I discovered that the list of wikis in the published dataset, which is included as wikis.txt has several wikis missing, see the diff generated below:

urbanecm@martins-mbp Desktop % echo ls | lftp 'https://analytics.wikimedia.org/published/datasets/one-off/research-mwaddlink/' > lftp-wikis-raw.txt
urbanecm@martins-mbp Desktop % grep -o '[a-z_]*wiki$' lftp-wikis-raw.txt > lftp-wikis.txt
urbanecm@martins-mbp Desktop % wget https://analytics.wikimedia.org/published/datasets/one-off/research-mwaddlink/wikis.txt
[...]
urbanecm@martins-mbp Desktop % sort wikis.txt > wikis-sorted.txt; sort lftp-wikis.txt > lftp-wikis-sorted.txt
urbanecm@martins-mbp Desktop % git diff wikis-sorted.txt lftp-wikis-sorted.txt
diff --git a/wikis-sorted.txt b/lftp-wikis-sorted.txt
index 5a7d54f..31e095b 100644
--- a/wikis-sorted.txt
+++ b/lftp-wikis-sorted.txt
@@ -145,19 +145,23 @@ lijwiki
 liwiki
 lmowiki
 lnwiki
+lowiki
 ltgwiki
 ltwiki
 lvwiki
 maiwiki
 map_bmswiki
 mdfwiki
+mgwiki
 mhrwiki
 minwiki
 miwiki
 mkwiki
+mlwiki
 mnwiki
 mrjwiki
 mrwiki
+mswiki
 mtwiki
 mwlwiki
 myvwiki
@@ -180,6 +184,8 @@ nvwiki
 nywiki
 ocwiki
 olowiki
+omwiki
+orwiki
 oswiki
 pagwiki
 pamwiki
@@ -196,6 +202,7 @@ pntwiki
 pswiki
 ptwiki
 quwiki
+rmwiki
 rmywiki
 rnwiki
 roa_rupwiki
@@ -213,16 +220,19 @@ scwiki
 sdwiki
 sewiki
 sgwiki
+shwiki
 simplewiki
 siwiki
 skwiki
 slwiki
 smwiki
+sowiki
 sqwiki
 srnwiki
 srwiki
 sswiki
 stqwiki
+stwiki
 suwiki
 svwiki
 swwiki
@@ -231,6 +241,7 @@ tawiki
 tcywiki
 tetwiki
 tewiki
+tgwiki
 thwiki
 tkwiki
 tlwiki
@@ -245,6 +256,7 @@ twwiki
 tyvwiki
 tywiki
 udmwiki
+ugwiki
 ukwiki
 uzwiki
 vecwiki

I am unsure about the need for wikis.txt. Since indexing is enabled on analytics.wikimedia.org, consumers can easily see which directories exist on the server, without relying on wikis.txt, which might be not in a consistent state.

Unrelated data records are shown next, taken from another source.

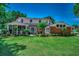 Expansive backyard featuring large lawn, brick home, screened in porch, and manicured flowerbeds at 402 E Broad St., Hemingway, SC 29554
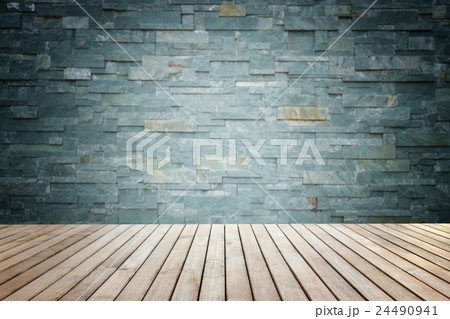 Empty top of wooden floor and natural stone wall 24490941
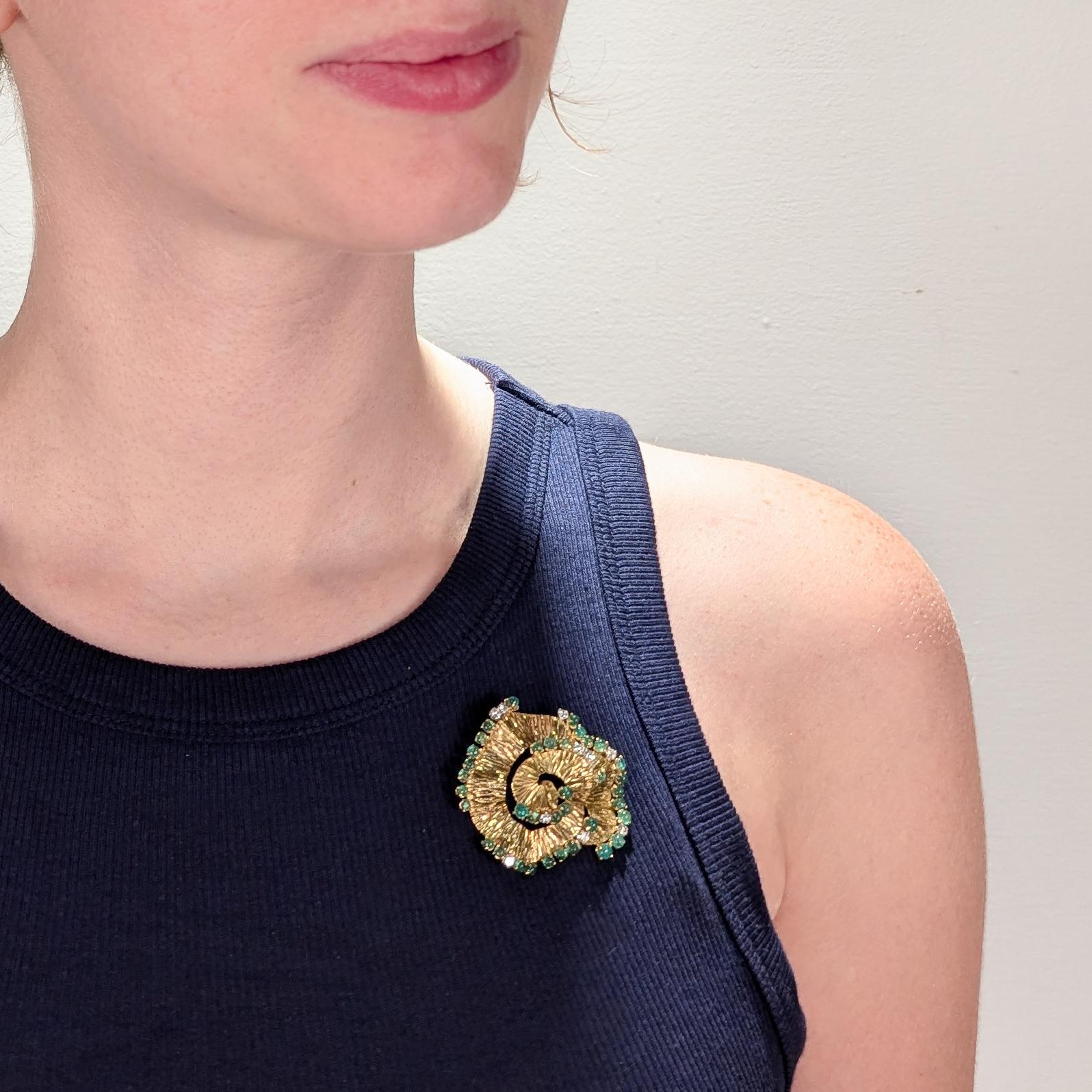 Una raffinata spilla modernista in oro 18 carati, smeraldi e diamanti.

This was originally discovered when wikis.txt included hywwiki, without there being a matching folder with data, which broke the linkrecommendation service (as it was trying to load non-existing data).

Event Timeline

Urbanecm_WMF renamed this task from The published dataset's list of wikis misses a couple of wikis the data exists to The published dataset's list of wikis misses a couple of wikis with existing data.Jul 3 2023, 8:38 AM
Urbanecm_WMF updated the task description. (Show Details)
Restricted Application added a subscriber: Base. · View Herald TranscriptJul 3 2023, 8:38 AM
Sgs subscribed.

Maybe we have a “bug” in the publishing script, in line publish-datasets.sh#L20, preventing to write in the file for wiki ids which are a substring of another wiki id. eg:

➜  ~ echo gaswiki > wikis.txt
➜  ~ grep -q "aswiki" wikis.txt
➜  ~ echo $?
0

This could explain why all missing wikis are a substring of a prior alphabetically sorted wiki:

sgimeno@stat1008:/srv/published/datasets/one-off/research-mwaddlink$ cat wikis.txt | grep omwiki
gomwiki
omwiki
sgimeno@stat1008:/srv/published/datasets/one-off/research-mwaddlink$ cat wikis.txt | grep orwiki
gorwiki
orwiki
sgimeno@stat1008:/srv/published/datasets/one-off/research-mwaddlink$ cat wikis.txt | grep lowiki
ilowiki
lowiki
olowiki
sgimeno@stat1008:/srv/published/datasets/one-off/research-mwaddlink$ cat wikis.txt | grep mgwiki
bat_smgwiki
mgwiki
sgimeno@stat1008:/srv/published/datasets/one-off/research-mwaddlink$ cat wikis.txt | grep mlwiki
emlwiki
mlwiki
sgimeno@stat1008:/srv/published/datasets/one-off/research-mwaddlink$ cat wikis.txt | grep omwiki
gomwiki
omwiki
sgimeno@stat1008:/srv/published/datasets/one-off/research-mwaddlink$ cat wikis.txt | grep orwiki
gorwiki
orwiki
sgimeno@stat1008:/srv/published/datasets/one-off/research-mwaddlink$ cat wikis.txt | grep rmwiki
nrmwiki
sgimeno@stat1008:/srv/published/datasets/one-off/research-mwaddlink$ cat wikis.txt | grep shwiki
kshwiki
sgimeno@stat1008:/srv/published/datasets/one-off/research-mwaddlink$ cat wikis.txt | grep stwiki
astwiki
sgimeno@stat1008:/srv/published/datasets/one-off/research-mwaddlink$ cat wikis.txt | grep tgwiki
ltgwiki
sgimeno@stat1008:/srv/published/datasets/one-off/research-mwaddlink$ cat wikis.txt | grep ugwiki
bugwiki
sgimeno@stat1008:/srv/published/datasets/one-off/research-mwaddlink$

Trying to run the commands in the description now returned an empty diff so the sources seem to be in-sync for the moment. I also asked @kevinbazira about the removal process and it is done manually. To prevent other occurrences of T344686, and as an alternative to what's proposed in T344711 we could create a remove-dataset.sh script which would also update the index.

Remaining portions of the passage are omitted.